### [Data entries]
= = = = = = =
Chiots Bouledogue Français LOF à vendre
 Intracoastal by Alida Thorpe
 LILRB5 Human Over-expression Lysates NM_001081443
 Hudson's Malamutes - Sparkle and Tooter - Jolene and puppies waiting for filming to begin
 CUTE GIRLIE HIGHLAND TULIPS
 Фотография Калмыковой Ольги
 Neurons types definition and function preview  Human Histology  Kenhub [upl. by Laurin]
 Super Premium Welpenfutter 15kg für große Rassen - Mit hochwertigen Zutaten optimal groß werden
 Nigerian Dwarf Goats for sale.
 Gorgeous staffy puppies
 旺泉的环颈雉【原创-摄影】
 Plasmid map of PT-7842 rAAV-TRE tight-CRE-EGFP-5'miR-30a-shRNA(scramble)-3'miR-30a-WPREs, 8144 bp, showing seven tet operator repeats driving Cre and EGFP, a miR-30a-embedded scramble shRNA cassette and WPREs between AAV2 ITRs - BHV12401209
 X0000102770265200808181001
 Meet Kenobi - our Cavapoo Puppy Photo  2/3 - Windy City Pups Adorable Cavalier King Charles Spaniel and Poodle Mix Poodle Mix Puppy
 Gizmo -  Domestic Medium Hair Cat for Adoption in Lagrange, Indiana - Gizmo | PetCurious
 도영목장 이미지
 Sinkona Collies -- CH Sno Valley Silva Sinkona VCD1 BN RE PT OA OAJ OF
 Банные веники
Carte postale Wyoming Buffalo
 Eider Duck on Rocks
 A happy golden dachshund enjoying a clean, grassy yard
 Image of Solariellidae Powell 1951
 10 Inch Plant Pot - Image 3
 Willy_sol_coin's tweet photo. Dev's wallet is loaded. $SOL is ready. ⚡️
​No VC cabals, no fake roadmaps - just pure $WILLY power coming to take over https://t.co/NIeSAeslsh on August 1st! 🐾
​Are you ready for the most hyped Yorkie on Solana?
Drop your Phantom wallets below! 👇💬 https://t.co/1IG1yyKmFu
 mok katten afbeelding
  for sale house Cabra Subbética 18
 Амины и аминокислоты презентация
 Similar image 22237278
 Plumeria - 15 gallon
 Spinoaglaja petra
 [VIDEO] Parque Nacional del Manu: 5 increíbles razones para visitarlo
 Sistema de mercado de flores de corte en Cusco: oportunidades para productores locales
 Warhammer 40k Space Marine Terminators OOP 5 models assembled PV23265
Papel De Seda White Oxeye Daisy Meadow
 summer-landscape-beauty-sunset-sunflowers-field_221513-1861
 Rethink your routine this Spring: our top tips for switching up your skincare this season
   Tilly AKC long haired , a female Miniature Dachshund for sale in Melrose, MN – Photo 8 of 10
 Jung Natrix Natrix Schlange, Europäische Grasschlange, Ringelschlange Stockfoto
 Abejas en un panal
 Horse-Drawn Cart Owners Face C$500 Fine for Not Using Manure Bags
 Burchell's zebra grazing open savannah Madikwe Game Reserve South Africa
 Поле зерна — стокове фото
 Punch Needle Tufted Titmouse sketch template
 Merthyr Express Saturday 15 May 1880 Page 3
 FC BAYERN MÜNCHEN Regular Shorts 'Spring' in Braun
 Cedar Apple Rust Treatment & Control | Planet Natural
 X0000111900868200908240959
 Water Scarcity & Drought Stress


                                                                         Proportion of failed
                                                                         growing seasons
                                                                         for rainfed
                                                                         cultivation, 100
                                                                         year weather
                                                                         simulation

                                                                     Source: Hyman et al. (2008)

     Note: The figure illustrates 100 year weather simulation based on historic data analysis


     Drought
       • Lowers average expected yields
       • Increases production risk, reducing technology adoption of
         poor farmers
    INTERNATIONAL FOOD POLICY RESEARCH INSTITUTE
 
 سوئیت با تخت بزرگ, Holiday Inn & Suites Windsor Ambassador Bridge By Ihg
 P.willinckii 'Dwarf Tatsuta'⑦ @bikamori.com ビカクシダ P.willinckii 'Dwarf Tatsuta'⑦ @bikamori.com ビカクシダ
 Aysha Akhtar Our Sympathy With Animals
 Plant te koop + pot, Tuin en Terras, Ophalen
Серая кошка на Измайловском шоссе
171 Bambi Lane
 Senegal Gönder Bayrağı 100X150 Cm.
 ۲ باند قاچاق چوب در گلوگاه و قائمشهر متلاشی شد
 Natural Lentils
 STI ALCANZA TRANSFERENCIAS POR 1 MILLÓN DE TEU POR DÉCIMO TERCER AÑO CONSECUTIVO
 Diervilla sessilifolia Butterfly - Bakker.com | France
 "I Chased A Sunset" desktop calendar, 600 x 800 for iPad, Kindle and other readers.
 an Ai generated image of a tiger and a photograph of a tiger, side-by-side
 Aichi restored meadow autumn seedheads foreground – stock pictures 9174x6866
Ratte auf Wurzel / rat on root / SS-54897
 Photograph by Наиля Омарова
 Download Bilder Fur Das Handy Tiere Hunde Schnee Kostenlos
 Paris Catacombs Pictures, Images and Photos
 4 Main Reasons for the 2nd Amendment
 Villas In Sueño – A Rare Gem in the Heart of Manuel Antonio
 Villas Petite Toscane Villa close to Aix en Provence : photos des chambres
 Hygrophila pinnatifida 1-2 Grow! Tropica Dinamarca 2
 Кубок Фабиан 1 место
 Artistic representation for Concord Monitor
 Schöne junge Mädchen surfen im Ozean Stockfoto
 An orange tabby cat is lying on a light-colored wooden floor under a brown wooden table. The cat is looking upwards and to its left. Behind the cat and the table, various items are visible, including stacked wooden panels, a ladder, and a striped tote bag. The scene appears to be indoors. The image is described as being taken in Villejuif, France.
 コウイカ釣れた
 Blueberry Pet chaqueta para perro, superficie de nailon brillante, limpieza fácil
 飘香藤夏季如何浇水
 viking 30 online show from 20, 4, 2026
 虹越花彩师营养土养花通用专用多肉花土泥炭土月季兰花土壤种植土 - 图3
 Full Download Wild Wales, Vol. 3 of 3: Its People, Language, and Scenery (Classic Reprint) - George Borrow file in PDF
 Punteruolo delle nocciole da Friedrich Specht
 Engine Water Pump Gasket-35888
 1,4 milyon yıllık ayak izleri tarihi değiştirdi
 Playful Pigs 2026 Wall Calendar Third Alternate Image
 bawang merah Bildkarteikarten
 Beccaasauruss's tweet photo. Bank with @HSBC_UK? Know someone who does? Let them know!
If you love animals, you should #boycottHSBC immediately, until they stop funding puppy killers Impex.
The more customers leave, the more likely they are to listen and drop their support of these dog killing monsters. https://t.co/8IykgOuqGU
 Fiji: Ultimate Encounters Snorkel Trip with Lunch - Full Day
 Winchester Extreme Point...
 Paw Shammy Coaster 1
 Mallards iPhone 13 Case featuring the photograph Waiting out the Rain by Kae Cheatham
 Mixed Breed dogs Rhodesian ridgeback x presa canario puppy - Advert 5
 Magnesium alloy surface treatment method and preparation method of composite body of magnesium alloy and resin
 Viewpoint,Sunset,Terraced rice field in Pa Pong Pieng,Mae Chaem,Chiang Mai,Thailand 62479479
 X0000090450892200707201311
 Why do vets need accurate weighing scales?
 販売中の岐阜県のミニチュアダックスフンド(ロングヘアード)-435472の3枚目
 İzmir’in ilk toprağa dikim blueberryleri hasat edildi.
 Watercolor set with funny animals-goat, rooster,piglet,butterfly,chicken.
= = = = = = =
### [AIM OF THE EXERCISE]
Would you set down, word for word, the lines from the opening of the entries above through the line with "Фотография Калмыковой Ольги", both included, and no others?

### [ANSWER TO THIS PROBLEM]
Chiots Bouledogue Français LOF à vendre
 Intracoastal by Alida Thorpe
 LILRB5 Human Over-expression Lysates NM_001081443
 Hudson's Malamutes - Sparkle and Tooter - Jolene and puppies waiting for filming to begin
 CUTE GIRLIE HIGHLAND TULIPS
 Фотография Калмыковой Ольги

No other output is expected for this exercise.